╔══
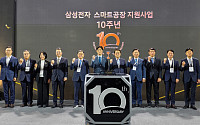 삼성전자, 중소기업 3600곳 스마트공장 구축 지원 [상생경영]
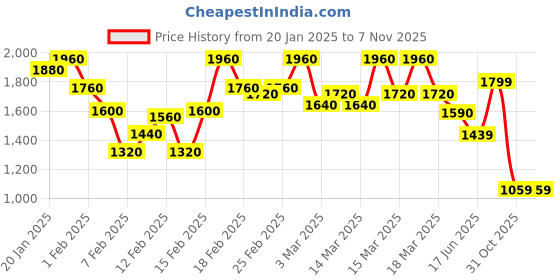 ajio.com the bear house Men Relaxed Fit Polo T-shirt the bear house Price History Graph from 20 Jan 2025 to 2 Nov 2025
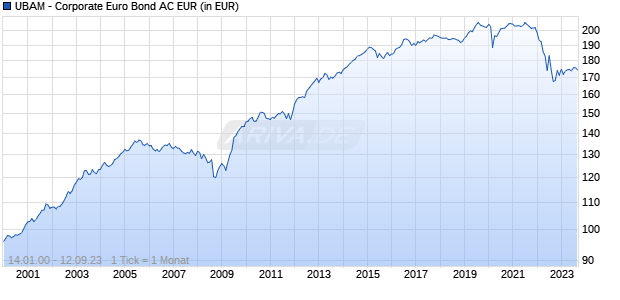 UBAM - Corporate Euro Bond AC EUR Chart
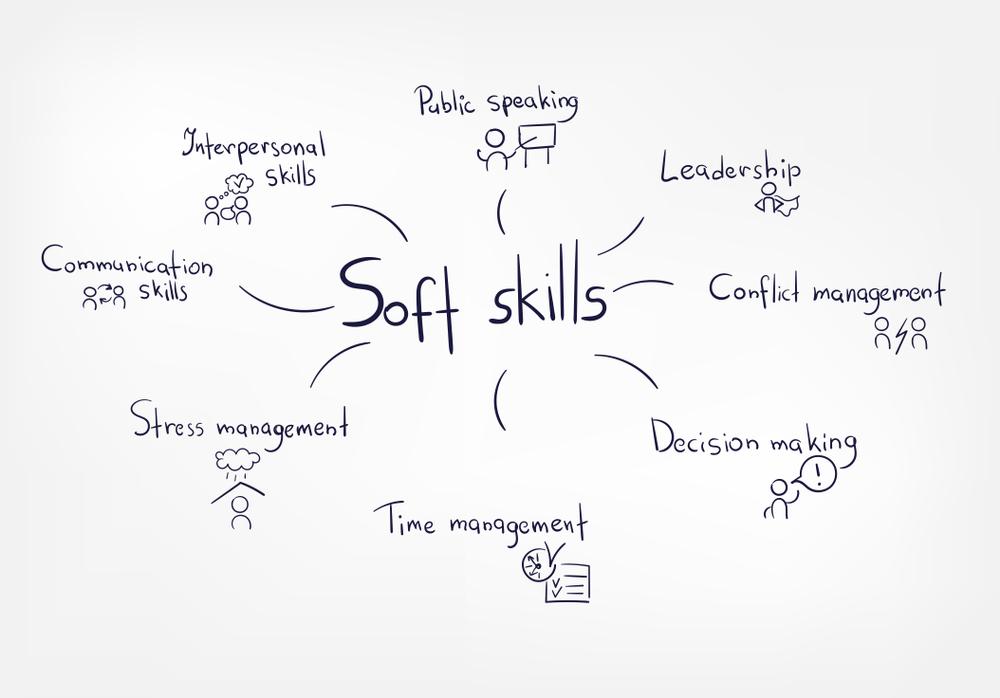 Training Content Developer: Essential Skills, Roles, and Career Guide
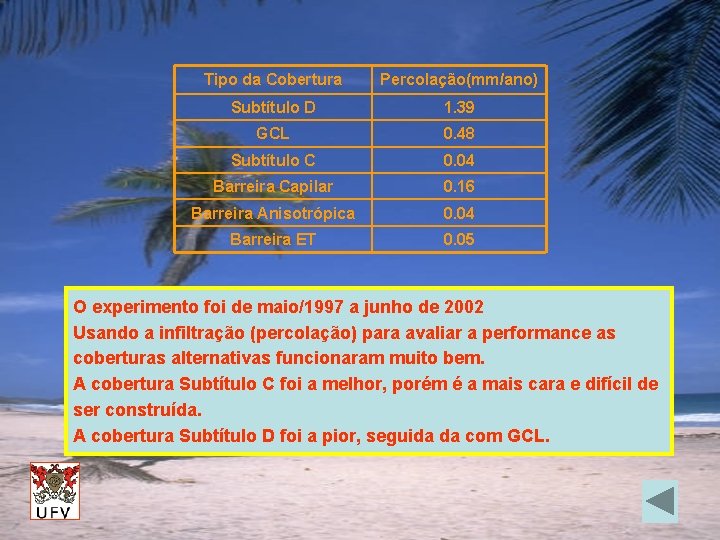 Tipo da Cobertura Percolação(mm/ano) Subtítulo D 1. 39 GCL 0. 48 Subtítulo C 0.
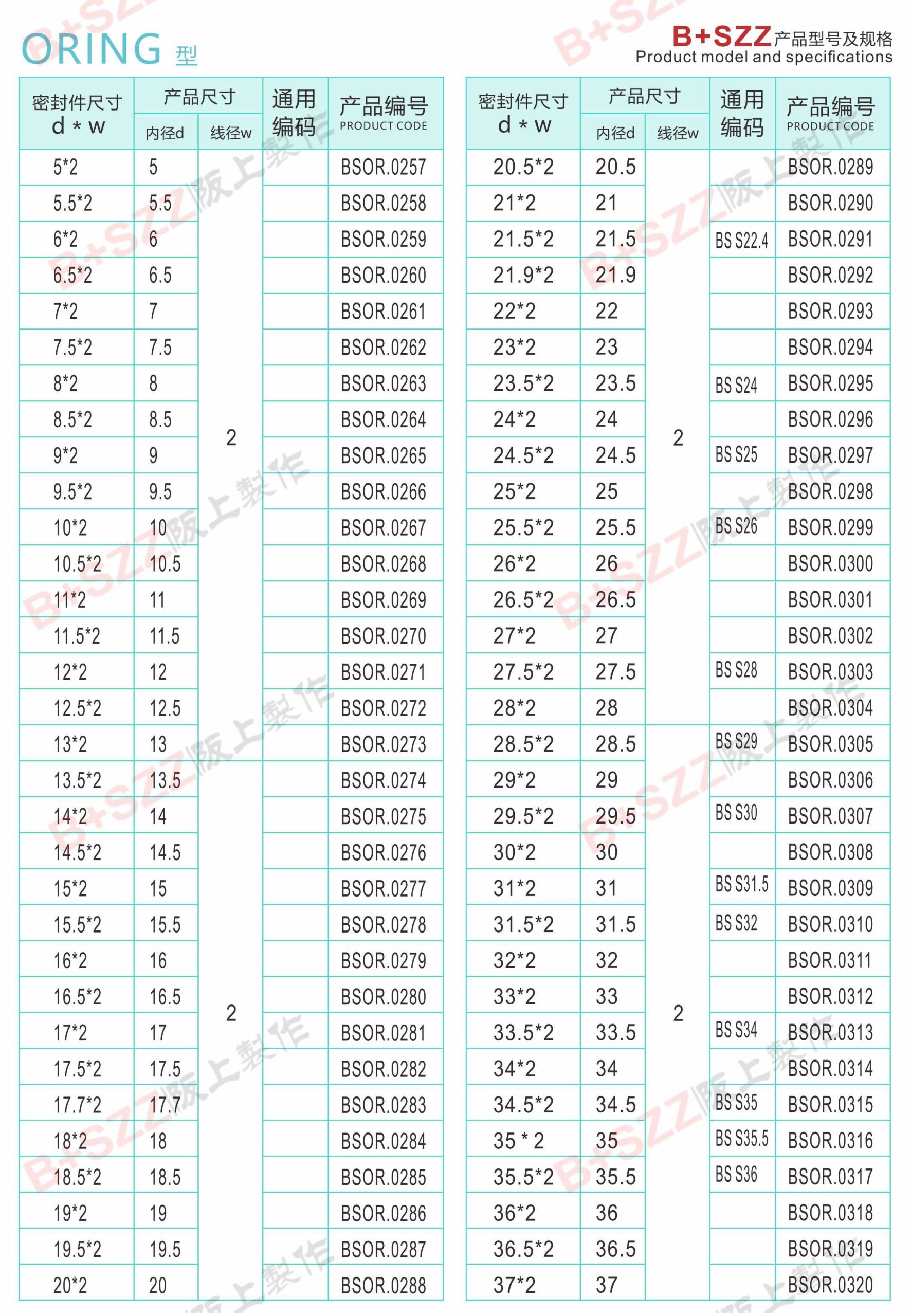 Rubber sealing ring O-ring插图5 Rubber sealing ring O-ring插图5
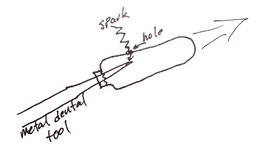 Thumbnail of Teach empirical formulas with rockets!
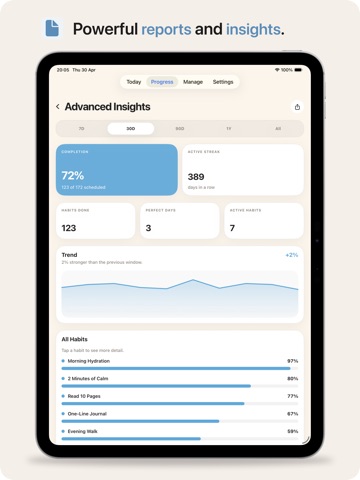 Habitios – Habit Tracker iPad screenshot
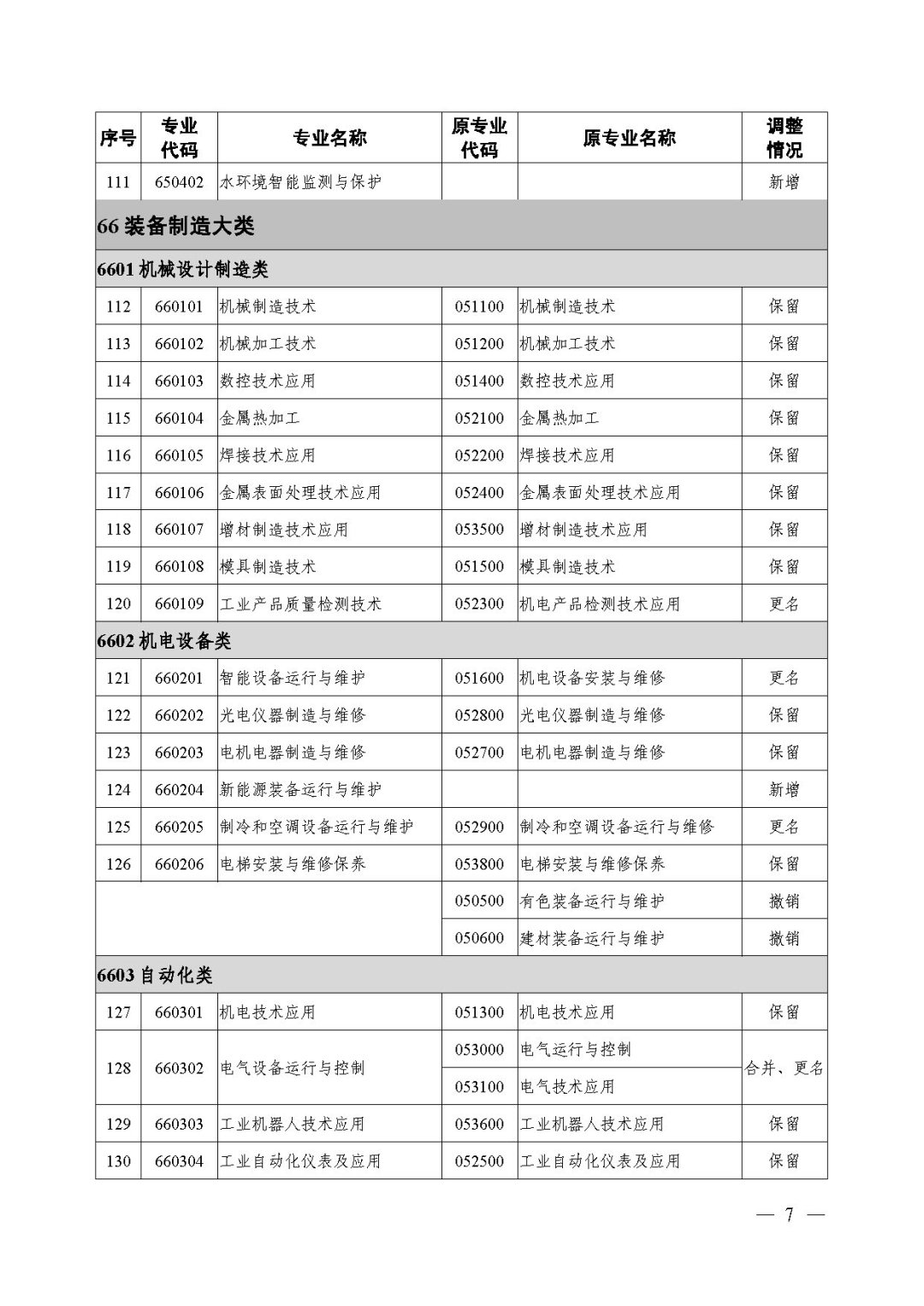 2021年《職業(yè)教育專業(yè)目錄》回顧！附：新舊專業(yè)對照表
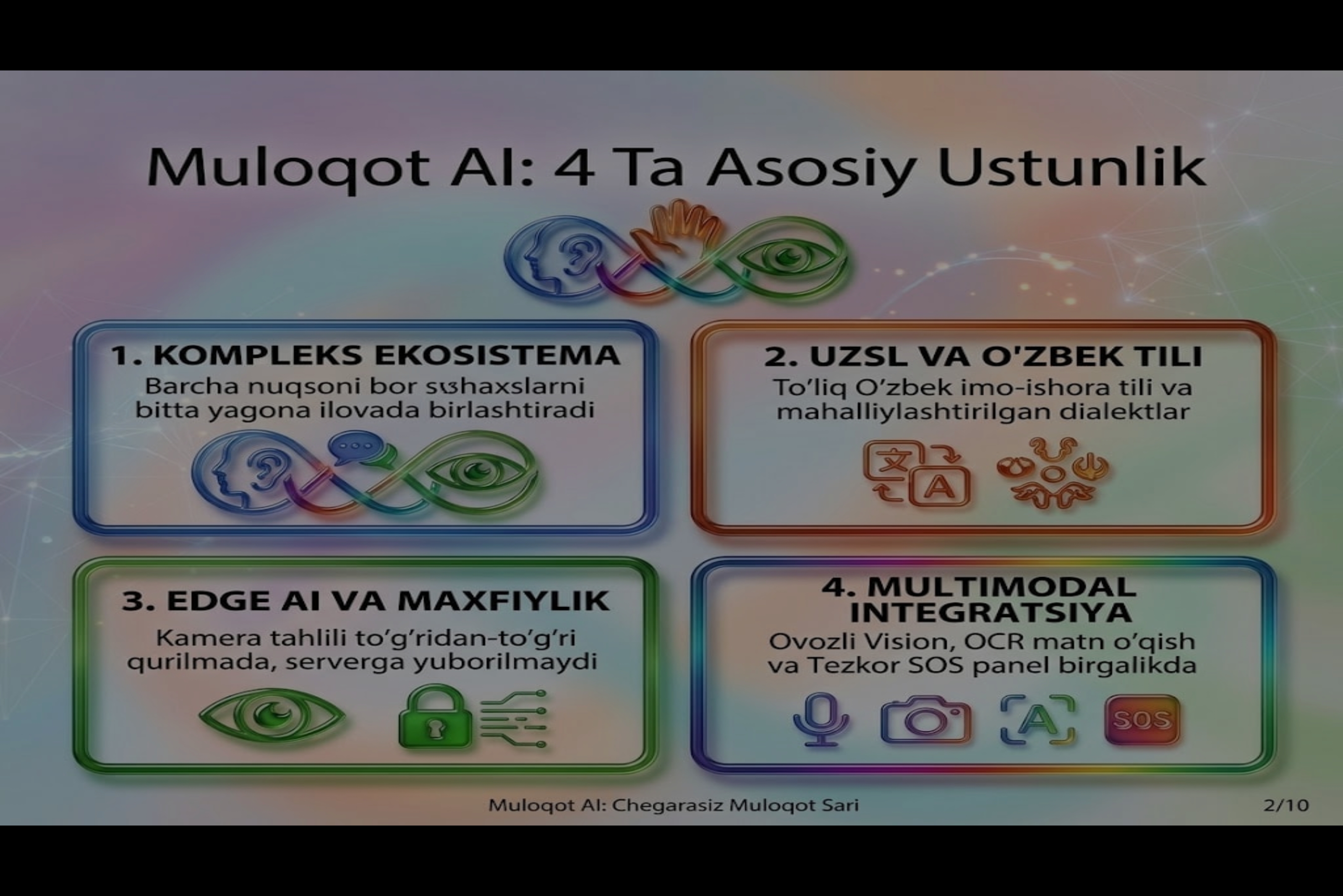 Muloqot AI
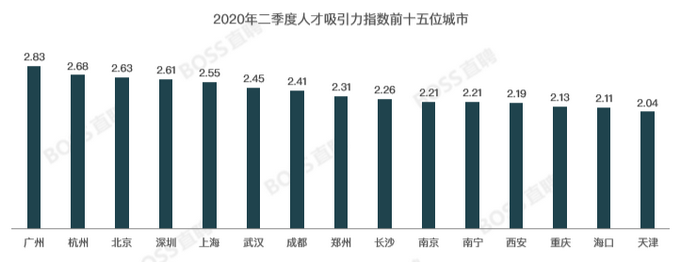 |BOSS直聘：生活服务业人才需求环比增长74.3% “新基建”备受青睐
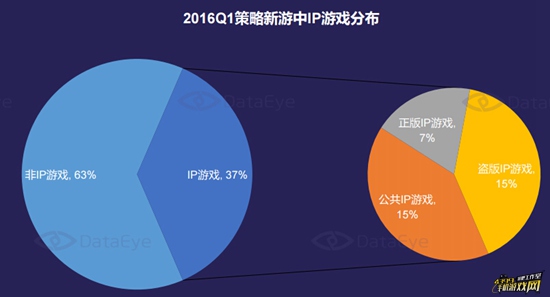 Q1策略游戏市场深度研究报告30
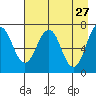 Kodiak USCG Dock tide chart for Monday, April 27, 2026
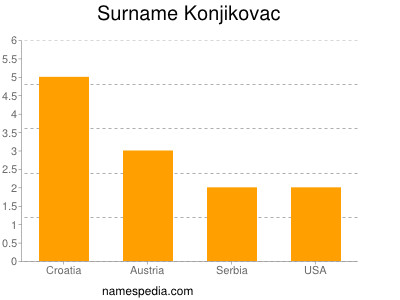 Surname Konjikovac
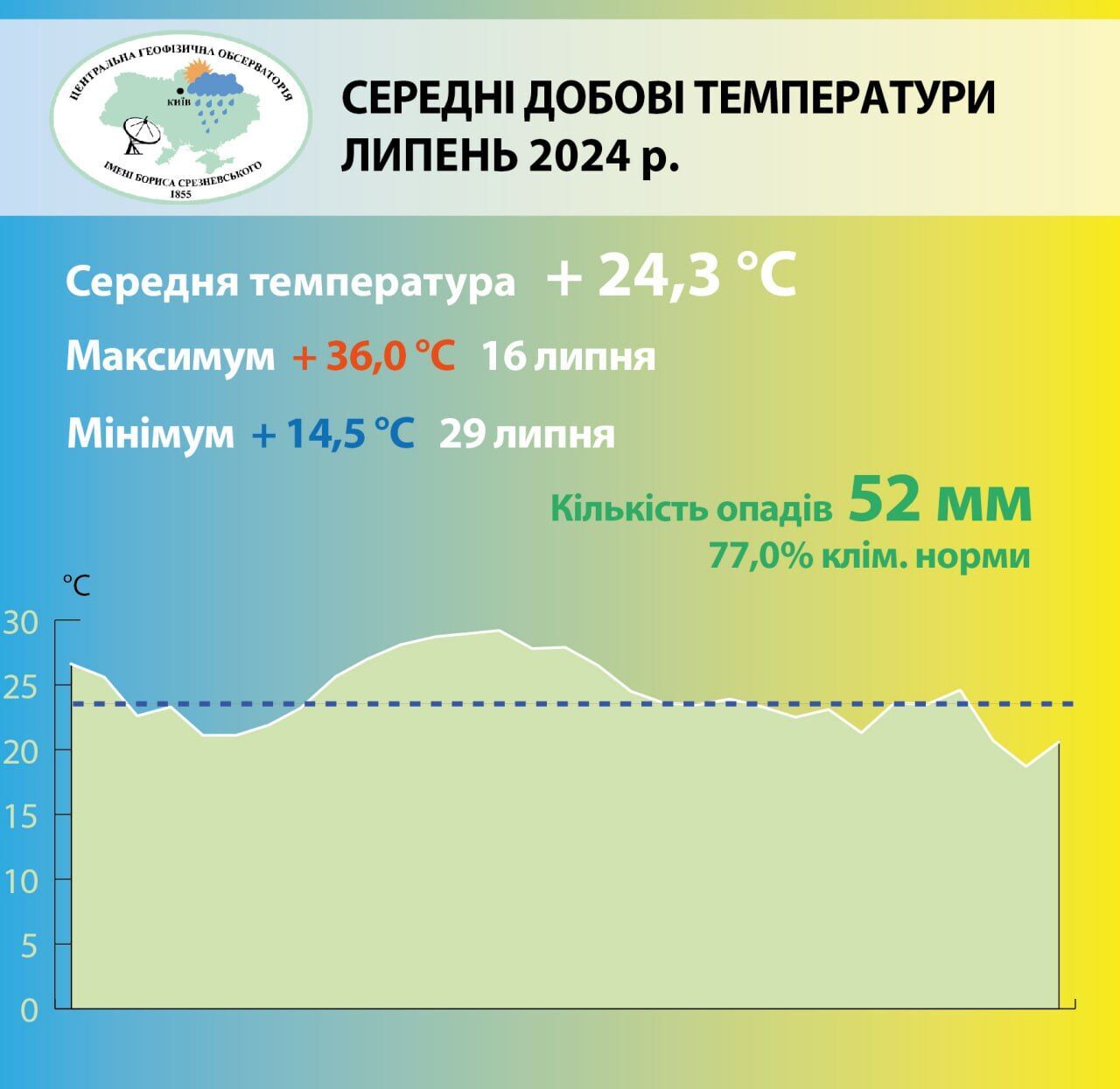 Став п’ятим найтеплішим починаючи з 1881 року: кліматологи підбили підсумки спекотного липня в Києві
╚══
Try it >>
Please give the material above again in full, with no pictures in your version.

Reply >>
 삼성전자, 중소기업 3600곳 스마트공장 구축 지원 [상생경영]
 ajio.com the bear house Men Relaxed Fit Polo T-shirt the bear house Price History Graph from 20 Jan 2025 to 2 Nov 2025
 UBAM - Corporate Euro Bond AC EUR Chart
 Training Content Developer: Essential Skills, Roles, and Career Guide
 Tipo da Cobertura Percolação(mm/ano) Subtítulo D 1. 39 GCL 0. 48 Subtítulo C 0.
 Rubber sealing ring O-ring插图5 Rubber sealing ring O-ring插图5
 Thumbnail of Teach empirical formulas with rockets!
 Habitios – Habit Tracker iPad screenshot
 2021年《職業(yè)教育專業(yè)目錄》回顧！附：新舊專業(yè)對照表
 Muloqot AI
 |BOSS直聘：生活服务业人才需求环比增长74.3% “新基建”备受青睐
 Q1策略游戏市场深度研究报告30
 Kodiak USCG Dock tide chart for Monday, April 27, 2026
 Surname Konjikovac
 Став п’ятим найтеплішим починаючи з 1881 року: кліматологи підбили підсумки спекотного липня в Києві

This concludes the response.